Carloman I - Competition With Charlemagne

Competition With Charlemagne

Carloman's reign proved short and troublesome. The brothers shared possession of Aquitaine, which broke into rebellion upon the death of Pepin the Short; when Charlemagne in 769 led an army into Aquitaine to put down the revolt, Carloman led his own army there to assist, before quarrelling with his brother at Moncontour, near Poitiers, and withdrawing, troops and all. This, it had been suggested, was an attempt to undermine Charlemagne's power, since the rebellion threatened the latter's rule; Charlemagne, however, crushed the rebels, whilst Carloman's behaviour had simply damaged his own standing amongst the Franks.

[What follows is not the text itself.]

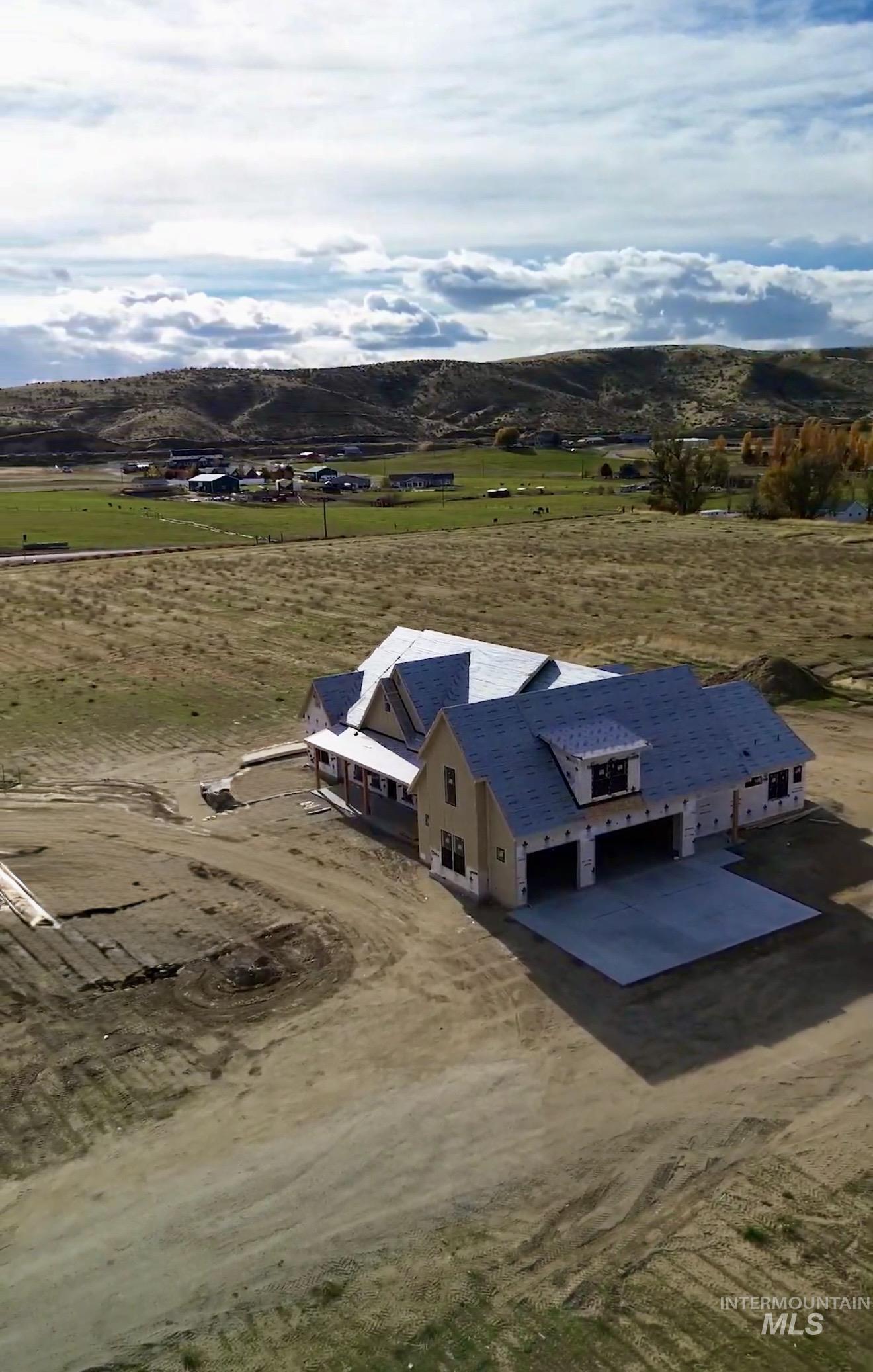 6677 Sophie Lane, Emmett, Idaho 83617, 5 Bedrooms, 4 Bathrooms, Residential For Sale, Price $1,699,444, 98967059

Relations between the two then degenerated further, requiring the mediation of their mother, Bertrada, who appears to have favoured Charlemagne, with whom she would live out her widowhood, over Carloman.

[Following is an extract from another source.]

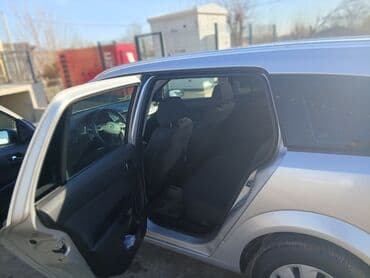 vito 651 motor: Opel Astra: 1.3 l | 2007 il 325469 km Universal — 10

In 770, his mother Bertrada began implementing her great strategy. After spending the Easter with Charlemagne at Liege, she visited Carloman at Seltz: her motives for visiting him are unknown, although it is suggested that she was trying to allay his fears of his brother, or persuade him to be more co-operative with Charlemagne, or even secure his agreement and collusion in her plans. However it was, by the end of the year Bertrada and Charlemagne had successfully encircled Carloman: Charlemagne had married Desiderata, the daughter of the Lombard king Desiderius, Carloman's immediate eastern neighbor, and the marriage created an alliance between Charlemagne and the Lombards; Bertrada had also secured for Charlemagne the friendship of Tassilo, Duke of Bavaria, her husband's nephew; she had even attempted to secure Papal support for the marriage by arranging for Desiderius to cede to Rome certain territories to which the Papacy laid claim, although Pope Stephen III remained in theory hostile to an alliance between his allies the Franks and his enemies the Lombards, and in reality deeply conflicted between the threat the Lombards posed to him and the chance to dispose of the anti-Lombard Christopher the Primicerius, the dominant figure at the Papal court.

These maneuvers had been favorable to the Franks in general, but posed a serious threat to Carloman's position. He had been left without allies: he attempted to use his brother's alliance with the Lombards to his own advantage in Rome, offering his support against the Lombards to Stephen III and entering into secret negotiations with the Primicerius, Christopher, whose position had also been left seriously isolated by the Franco-Lombard rapprochement; but after the violent murder of Christopher by Desiderius, Stephen III chose to give his support to the Lombards and Charlemagne. Carloman's position was rescued, however, by Charlemagne's sudden repudiation of his Lombard wife, Desiderius' daughter. Desiderius, outraged and humiliated, appears to have made some sort of alliance with Carloman following this, in opposition to Charlemagne and the Papacy, which took the opportunity to declare itself against the Lombards.